Lo cierto es que todos los idealistas, sean cristianos, platónicos o neoplatónicos, suelen verse como náufragos que escrutan el horizonte junto a una pira dispuesta para ser incendiada. Una pira formada con fragmentos de su vida real, que quizás podrían haberles servido para construir una cabaña o para iluminar sus noches, y que quedarán sin duda sin aprovechar. Amistades perdidas por culpa de ideales imposibles, acciones abortadas por un exceso de perfeccionismo, alegrías empañadas por el sentimiento de incompletitud, instantes desatendidos por todas esas inminencias que nunca llegaron a ser… Todo se convirtió en humo. Y ningún barco lo vio. Frente a ellos, Cavafis rescató a Ulises del más mortal de los peligros, que es el de los pretendientes al ideal, que deshonran el palacio de la vida. Michel Tournier liberó a Robinson Crusoe, haciéndole renunciar, en Viernes o La vida salvaje, al deseo de volver a la civilización. Prefirió la vida libre, tranquila y placentera de sus charlas con Viernes, sus siestas bajo las palmeras y sus paseos sobre las rocas para recoger moluscos, a cuatro patas…
IV
«Dulce et decorum est pro patria mori», dijo Horacio en sus Odas. «Es dulce y honorable morir por la patria». Y no lo hubiese escrito nunca si hubiese sabido la cantidad de jóvenes que acabarían alistándose, al inicio de la Gran Guerra, animados por ese verso. Pero habent su afata libelli… «Morir por la patria es vivir», dice el himno de Cuba. Pero ¿vivir dónde, cómo y hasta cuándo? ¿Y eso significa que los que no mueren por la patria sí mueren para siempre? ¿No es eso pura teología? ¿O teología-política? ¿O teratología-política? Spinoza, Spinoza, ¿por qué nos has abandonado?

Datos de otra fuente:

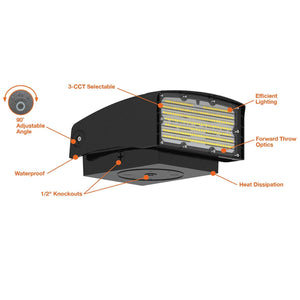 LED Wall Packs 50W/40W/30W LED Full Cutoff Wall Adjustable Wallpacks  - Black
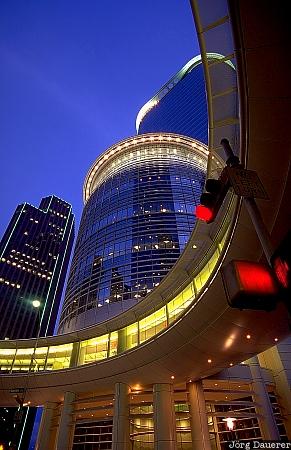 Houston, night, Enron building, United States, Texas, traffic light, illumination, USA, Vereinigte Staten, TX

Ciertamente, la secularización de las sociedades modernas supuso un trasvase simbólico desde el ámbito de la religión al del nacionalismo, que se vio en la necesidad de crear una nueva soteriología, de apariencia laica. Si bien en el fondo era profundamente religiosa. Como dijo Benedict Anderson, en Comunidades imaginadas, el nacionalismo intenta transformar la muerte en continuidad, y la contingencia, en necesidad: «Es accidental que sea Francés, pero Francia es eterna».
De ahí que Bakunin afirmase, en la carta 3 de El patriotismo (1869), que «el idealismo político no es ni menos absurdo, ni menos pernicioso, ni menos hipócrita que el idealismo de la religión, del cual no es nada más que una forma diferente, la expresión o la aplicación terrestre o mundana», y que «el Estado es el hermano menor de la Iglesia, y el patriotismo, esa virtud y ese culto del Estado, no es otra cosa que un reflejo del culto divino».
Yo no sé si el alma de los hombres es inmortal. Pero la del idealismo sí que parece serlo. Y ahí la tenemos, reencarnada en el avatar del nacionalismo, despreciando el carácter mezclado, plural y cambiante del cuerpo social, e intentando reformarlo, mutilarlo y a veces exterminarlo, para «de aquí abajo hacia arriba evadirse lo más rápido posible». Pero el despegue hacia la restauración de la antigua gloria perdida o hacia el establecimiento definitivo de una unidad nacional plenamente reconciliada se encuentra con un grave problema, que es el problema de la gravedad. Pero, para los grandes planes del idealismo, eso solo es un detalle. Para librarse de la fuerza de la gravedad, no cree que hace falta generar una fuerza superior que apunte en dirección contraria. Basta con ignorar el mundo, o destruirlo, si hace falta. Porque muerto el perro, muerta la rabia. Y para eso está la guerra, que parece dispuesta a solucionar de una vez por todas el problema de la realidad. La solución final.
La misma guerra (porque todas las guerras son la misma guerra) en la que murió Jack Kipling, el hijo de Rudyard Kipling, quien no solo lo enardeció con poemas belicistas que le mostraban el camino para ser un hombre, sino que también le ayudó a alistarse, a pesar de haber sido declarado no apto. Aquel joven miope murió en su primera batalla. Y su padre, destrozado, buscó en vano su cadáver, y estampó, en sus Epitafios de la guerra, unos versos que son un aviso contra todo idealismo:
«Si alguien pregunta por qué hemos muerto
diles que fue porque nuestros padres mintieron».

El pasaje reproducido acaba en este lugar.